- TASK OBJECTIVE -
Beginning with the line that mentions "FILE PHOTO: Paralympics", reproduce every line through the last line of the entries, exactly, and only those.

- EXTRACTED MATERIAL -

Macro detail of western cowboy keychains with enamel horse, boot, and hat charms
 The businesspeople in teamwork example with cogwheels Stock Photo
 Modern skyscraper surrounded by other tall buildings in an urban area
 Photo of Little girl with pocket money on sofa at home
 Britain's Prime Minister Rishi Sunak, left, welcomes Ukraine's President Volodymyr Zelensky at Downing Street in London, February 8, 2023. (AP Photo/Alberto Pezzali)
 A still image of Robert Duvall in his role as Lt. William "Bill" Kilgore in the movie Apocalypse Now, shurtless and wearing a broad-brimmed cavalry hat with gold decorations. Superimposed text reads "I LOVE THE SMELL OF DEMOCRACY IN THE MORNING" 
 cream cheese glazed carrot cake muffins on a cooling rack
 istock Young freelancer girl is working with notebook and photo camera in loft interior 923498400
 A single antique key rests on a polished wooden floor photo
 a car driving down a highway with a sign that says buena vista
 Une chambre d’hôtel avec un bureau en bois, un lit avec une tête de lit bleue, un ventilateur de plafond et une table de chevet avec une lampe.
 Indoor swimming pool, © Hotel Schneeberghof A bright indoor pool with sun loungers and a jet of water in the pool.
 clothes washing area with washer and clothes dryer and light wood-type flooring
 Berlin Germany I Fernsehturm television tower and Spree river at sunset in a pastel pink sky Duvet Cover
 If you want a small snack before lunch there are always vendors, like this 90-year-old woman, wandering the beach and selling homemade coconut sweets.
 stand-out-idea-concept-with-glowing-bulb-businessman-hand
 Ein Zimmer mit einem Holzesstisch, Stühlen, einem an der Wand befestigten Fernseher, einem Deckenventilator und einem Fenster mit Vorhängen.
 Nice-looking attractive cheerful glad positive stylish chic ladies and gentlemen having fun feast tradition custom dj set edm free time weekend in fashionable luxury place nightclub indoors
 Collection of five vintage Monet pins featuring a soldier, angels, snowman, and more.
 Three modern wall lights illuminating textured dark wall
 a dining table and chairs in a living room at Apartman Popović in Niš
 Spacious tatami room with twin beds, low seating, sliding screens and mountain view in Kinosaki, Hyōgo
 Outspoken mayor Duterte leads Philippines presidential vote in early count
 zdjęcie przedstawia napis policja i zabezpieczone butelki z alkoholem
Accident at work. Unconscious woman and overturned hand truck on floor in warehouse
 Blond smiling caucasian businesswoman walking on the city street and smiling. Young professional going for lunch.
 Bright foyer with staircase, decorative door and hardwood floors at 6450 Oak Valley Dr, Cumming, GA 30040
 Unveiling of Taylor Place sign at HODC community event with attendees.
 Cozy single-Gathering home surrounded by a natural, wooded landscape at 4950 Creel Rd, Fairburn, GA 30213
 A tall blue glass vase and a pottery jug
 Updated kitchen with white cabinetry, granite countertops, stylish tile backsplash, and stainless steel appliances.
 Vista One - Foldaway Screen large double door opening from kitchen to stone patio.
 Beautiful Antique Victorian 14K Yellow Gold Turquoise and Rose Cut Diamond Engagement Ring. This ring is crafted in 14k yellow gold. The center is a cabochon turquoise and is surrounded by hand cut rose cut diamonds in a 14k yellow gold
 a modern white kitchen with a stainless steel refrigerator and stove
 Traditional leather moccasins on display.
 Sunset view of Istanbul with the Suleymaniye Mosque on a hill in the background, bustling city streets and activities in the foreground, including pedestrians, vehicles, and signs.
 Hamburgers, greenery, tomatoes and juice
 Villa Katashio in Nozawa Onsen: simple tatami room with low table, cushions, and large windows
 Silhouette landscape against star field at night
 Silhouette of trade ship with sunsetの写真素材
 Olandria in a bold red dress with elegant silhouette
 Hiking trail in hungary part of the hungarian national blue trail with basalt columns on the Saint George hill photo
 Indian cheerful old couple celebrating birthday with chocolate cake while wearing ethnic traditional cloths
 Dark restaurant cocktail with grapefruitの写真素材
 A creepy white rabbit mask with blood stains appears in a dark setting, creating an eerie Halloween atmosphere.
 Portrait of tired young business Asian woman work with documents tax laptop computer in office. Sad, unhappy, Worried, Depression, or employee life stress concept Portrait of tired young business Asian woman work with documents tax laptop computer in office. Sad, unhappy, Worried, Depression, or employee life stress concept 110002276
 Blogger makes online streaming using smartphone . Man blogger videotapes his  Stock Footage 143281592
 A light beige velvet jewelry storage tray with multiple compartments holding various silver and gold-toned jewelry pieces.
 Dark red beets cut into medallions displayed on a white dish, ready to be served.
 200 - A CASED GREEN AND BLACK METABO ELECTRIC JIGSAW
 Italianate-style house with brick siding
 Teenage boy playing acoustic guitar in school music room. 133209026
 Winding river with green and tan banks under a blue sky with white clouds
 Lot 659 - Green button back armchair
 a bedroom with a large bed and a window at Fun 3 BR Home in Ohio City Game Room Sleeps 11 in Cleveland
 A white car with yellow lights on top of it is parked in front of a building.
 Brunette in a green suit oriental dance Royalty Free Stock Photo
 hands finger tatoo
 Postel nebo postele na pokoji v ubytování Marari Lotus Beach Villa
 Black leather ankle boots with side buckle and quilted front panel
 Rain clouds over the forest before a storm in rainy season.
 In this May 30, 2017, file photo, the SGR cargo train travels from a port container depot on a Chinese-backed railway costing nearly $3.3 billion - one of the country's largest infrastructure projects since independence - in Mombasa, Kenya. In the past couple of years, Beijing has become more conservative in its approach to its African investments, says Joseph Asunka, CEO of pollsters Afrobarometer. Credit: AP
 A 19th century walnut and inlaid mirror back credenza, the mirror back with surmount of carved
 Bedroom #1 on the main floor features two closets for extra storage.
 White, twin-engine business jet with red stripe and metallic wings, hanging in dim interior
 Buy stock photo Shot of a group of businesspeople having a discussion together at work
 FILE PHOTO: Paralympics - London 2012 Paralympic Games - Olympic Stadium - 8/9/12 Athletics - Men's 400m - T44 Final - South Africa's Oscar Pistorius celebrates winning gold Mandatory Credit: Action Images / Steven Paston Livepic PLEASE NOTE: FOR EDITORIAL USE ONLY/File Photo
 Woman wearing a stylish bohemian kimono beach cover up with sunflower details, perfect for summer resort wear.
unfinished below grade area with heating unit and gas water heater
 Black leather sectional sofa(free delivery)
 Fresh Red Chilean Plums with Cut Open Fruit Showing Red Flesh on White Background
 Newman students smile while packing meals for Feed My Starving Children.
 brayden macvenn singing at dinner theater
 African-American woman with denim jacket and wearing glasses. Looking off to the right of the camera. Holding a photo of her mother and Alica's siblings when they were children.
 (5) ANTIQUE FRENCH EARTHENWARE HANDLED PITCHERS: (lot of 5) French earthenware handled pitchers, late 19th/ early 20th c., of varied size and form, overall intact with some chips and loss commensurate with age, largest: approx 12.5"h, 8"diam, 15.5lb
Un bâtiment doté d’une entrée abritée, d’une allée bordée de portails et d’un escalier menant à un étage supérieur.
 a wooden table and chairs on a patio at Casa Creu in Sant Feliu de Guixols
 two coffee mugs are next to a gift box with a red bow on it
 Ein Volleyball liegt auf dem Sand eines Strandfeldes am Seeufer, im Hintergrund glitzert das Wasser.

- SOLUTION FOR THIS PROBLEM -
 FILE PHOTO: Paralympics - London 2012 Paralympic Games - Olympic Stadium - 8/9/12 Athletics - Men's 400m - T44 Final - South Africa's Oscar Pistorius celebrates winning gold Mandatory Credit: Action Images / Steven Paston Livepic PLEASE NOTE: FOR EDITORIAL USE ONLY/File Photo
 Woman wearing a stylish bohemian kimono beach cover up with sunflower details, perfect for summer resort wear.
unfinished below grade area with heating unit and gas water heater
 Black leather sectional sofa(free delivery)
 Fresh Red Chilean Plums with Cut Open Fruit Showing Red Flesh on White Background
 Newman students smile while packing meals for Feed My Starving Children.
 brayden macvenn singing at dinner theater
 African-American woman with denim jacket and wearing glasses. Looking off to the right of the camera. Holding a photo of her mother and Alica's siblings when they were children.
 (5) ANTIQUE FRENCH EARTHENWARE HANDLED PITCHERS: (lot of 5) French earthenware handled pitchers, late 19th/ early 20th c., of varied size and form, overall intact with some chips and loss commensurate with age, largest: approx 12.5"h, 8"diam, 15.5lb
Un bâtiment doté d’une entrée abritée, d’une allée bordée de portails et d’un escalier menant à un étage supérieur.
 a wooden table and chairs on a patio at Casa Creu in Sant Feliu de Guixols
 two coffee mugs are next to a gift box with a red bow on it
 Ein Volleyball liegt auf dem Sand eines Strandfeldes am Seeufer, im Hintergrund glitzert das Wasser.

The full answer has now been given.